**Collected data**
*** Block opens ***
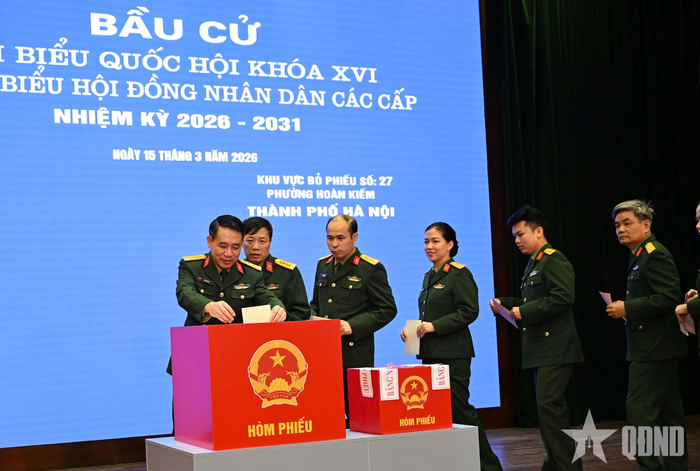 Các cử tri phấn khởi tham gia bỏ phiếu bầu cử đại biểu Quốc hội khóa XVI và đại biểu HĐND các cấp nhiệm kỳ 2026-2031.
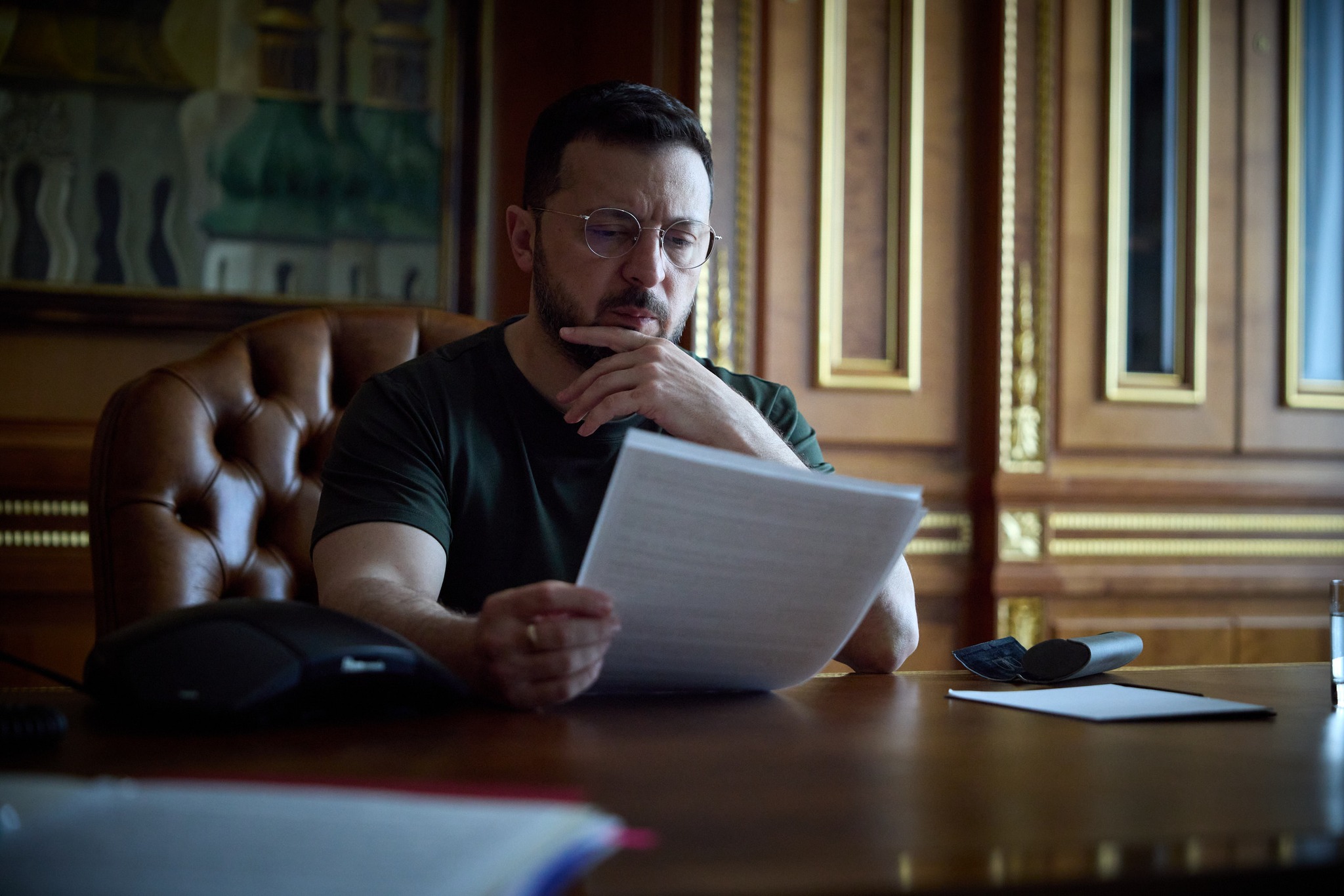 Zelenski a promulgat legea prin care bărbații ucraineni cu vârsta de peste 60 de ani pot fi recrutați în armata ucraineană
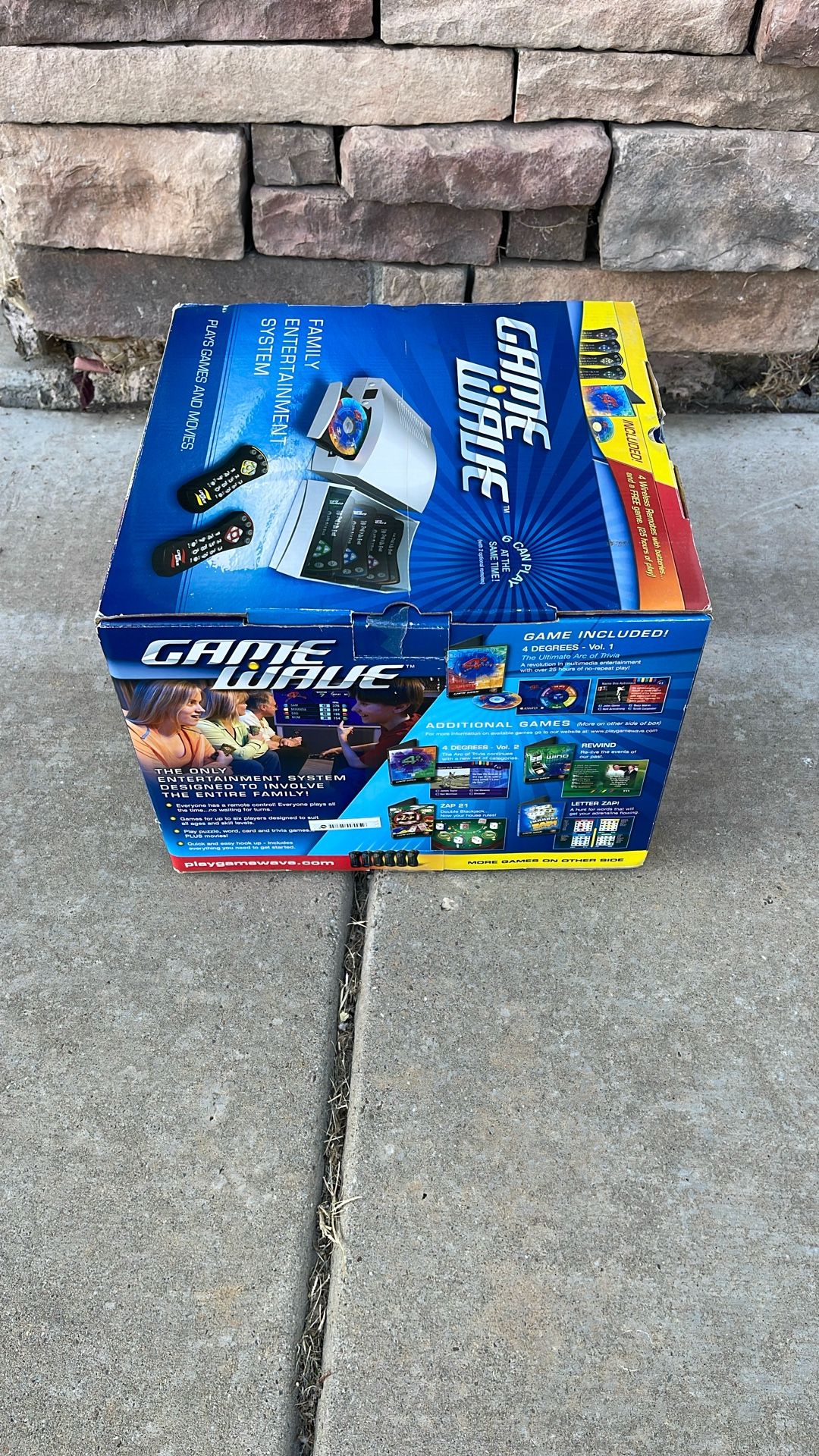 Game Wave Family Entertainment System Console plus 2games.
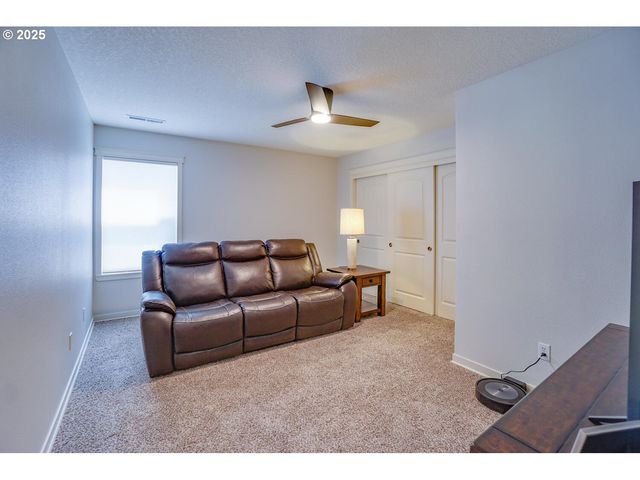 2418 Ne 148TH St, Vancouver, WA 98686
*** Block closes ***
**Work instructions**
Exclude all images and return the listing word for word.

**Output of the exercise**
 Các cử tri phấn khởi tham gia bỏ phiếu bầu cử đại biểu Quốc hội khóa XVI và đại biểu HĐND các cấp nhiệm kỳ 2026-2031.
 Zelenski a promulgat legea prin care bărbații ucraineni cu vârsta de peste 60 de ani pot fi recrutați în armata ucraineană
 Game Wave Family Entertainment System Console plus 2games.
 2418 Ne 148TH St, Vancouver, WA 98686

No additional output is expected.